Which brings us to the hole in the bucket. Call it the annexation hole.

Last year, when the city annexed an area southwest of the university containing about 15,000 people, it kicked a $2.4 million hole in the county bucket. And that was just in the county's MSTU property tax fund.

In the coming year, that annexation will cost the county's general fund another $800,000 in lost sales, occupational, liquor and other taxes.

County government is still trying to make adjustments as a result of that loss of revenue base and shift of service delivery responsibilities.

But now comes the city with yet another annexation proposal, this time one that would incorporate another 5,400 people and divert another $1 million in MSTU taxes from the county.

That loss to be followed one year later by an additional $350,000 reduction to the general fund.

On paper, it can be argued that the "cost" of annexation is a wash for the county. Theoretically, it means the city simply adds more police and firefighters and so on to serve the annexed area using the same dollars the county once received, while the county, in turn, reduces its own workforce to reflect the fact that it now serves a smaller paying "customer base."

That's the theory. In practice, the transition of costs and responsibilities does not always flow so smoothly. Nor is employee reduction so easily accomplished.

In this case, for instance, independently elected Alachua County Sheriff Steve Oelrich doesn't want to shrink his deputy force in proportion to the loss of funding due to annexation.

Oelrich is suing the County Commission to get his road patrol paid for out of the general fund rather than the MSTU. The former is paid by all county taxpayers, the latter is only paid by unincorporated area residents, and if Oelrich prevails, Gainesville taxpayers will end up paying twice to support two urban road patrol operations.

The most recent annexation proposal involves the SW 20th Avenue corridor between 34th Street and I-75. At the request of the University of Florida's student government, Gainesville commissioners have given initial approval to a spring annexation referendum.

No question, the area is urban in nature, compact and contiguous to the city. And on paper, its annexation into Gainesville makes perfect sense.

But what's the rush? Why undertake yet another massive annexation so quickly, and while county government is still hemorrhaging revenues as a result of the previous annexation? If annexation of the area makes sense this year, won't it still make sense next year?

County commissioners have asked the city to slow down the pace of annexation and spend some time hammering out a transition agreement that might make the shifting of revenues and service delivery responsibilities less painful for either government.

It is a reasonable request, but in discussions on Monday night, only one city commissioner seemed at all sympathetic to the county's problems.

"Let's make this a model (annexation)," argued City Commissioner Ed Braddy, even if that means "delaying the annexation" while the two commissions find "the best possible approaches to solving some of these problems.

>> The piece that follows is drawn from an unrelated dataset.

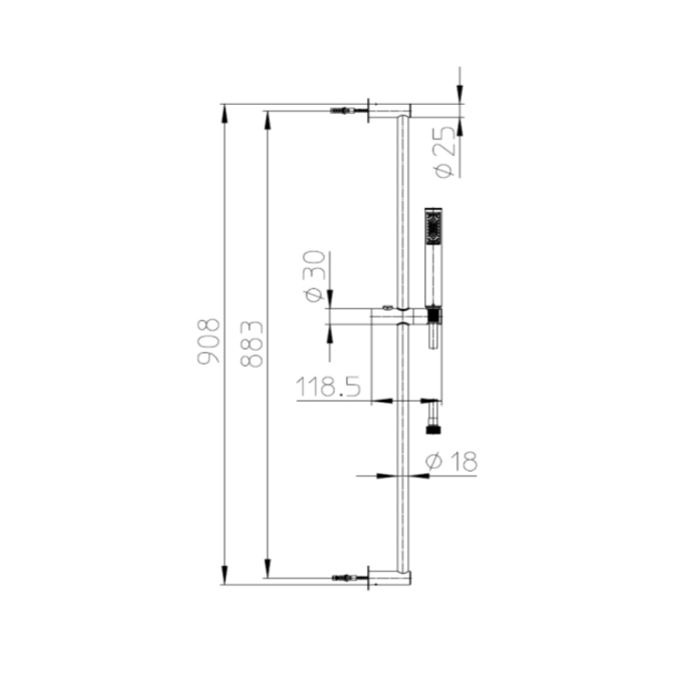 Bossini Nobu Душевая штанга из нержавеющей стали Ø 18 мм х 90 см с ручным душем Zen Inox и шлангом Cromolux 175 см наконечникам. цвет: нержавеющая сталь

"Let's look for an opportunity to do something that would be a win-win for the city and the county," he argued.

Braddy made an eloquent case for closer city-county cooperation on annexations. Moving ahead with yet another massive annexation so quickly only adds insult to injury to the cause of intergovernmental cooperation.

Especially when you consider that the County Commission is fighting Sheriff Oelrich's suit in order to protect Gainesville residents from double taxation.

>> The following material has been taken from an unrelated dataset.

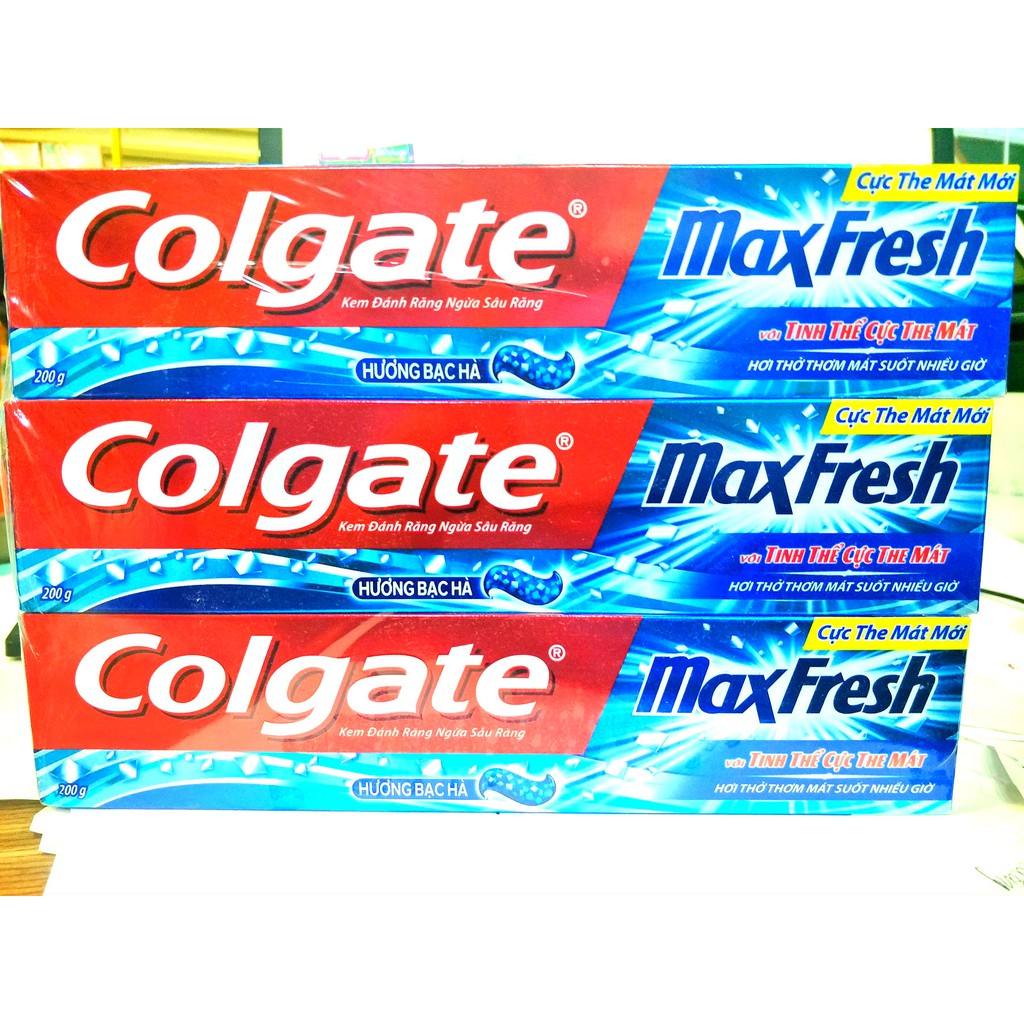 Ba kem đánh răng Colgate Maxfresh hộp 200g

"This conflict over annexations tends to destroy the other partnerships we try to create," Reid points out. "When governments are in a win-lose situation, it's harder to work together."

The county's revenue bucket already has a hole in it. A little time out on annexation - while both sides work out what Braddy refers to as a "model" transition policy - would not seem out of line on the city's part.

This weekend, at the County Commission's retreat at Poe Springs, facilitator Marilyn Crotty of the University of Central Florida's Institute of Government noted that the degree of cooperation between Gainesville and Alachua County over recent annexations is highly unusual.

"Most other counties are fighting tooth and nail to stop every annexation," she said.

County commissioners have elected not to fight the city tooth and nail over every annexation. The least Gainesville could do in return is give the county a little time, and a little help, to mend the hole in its revenue bucket.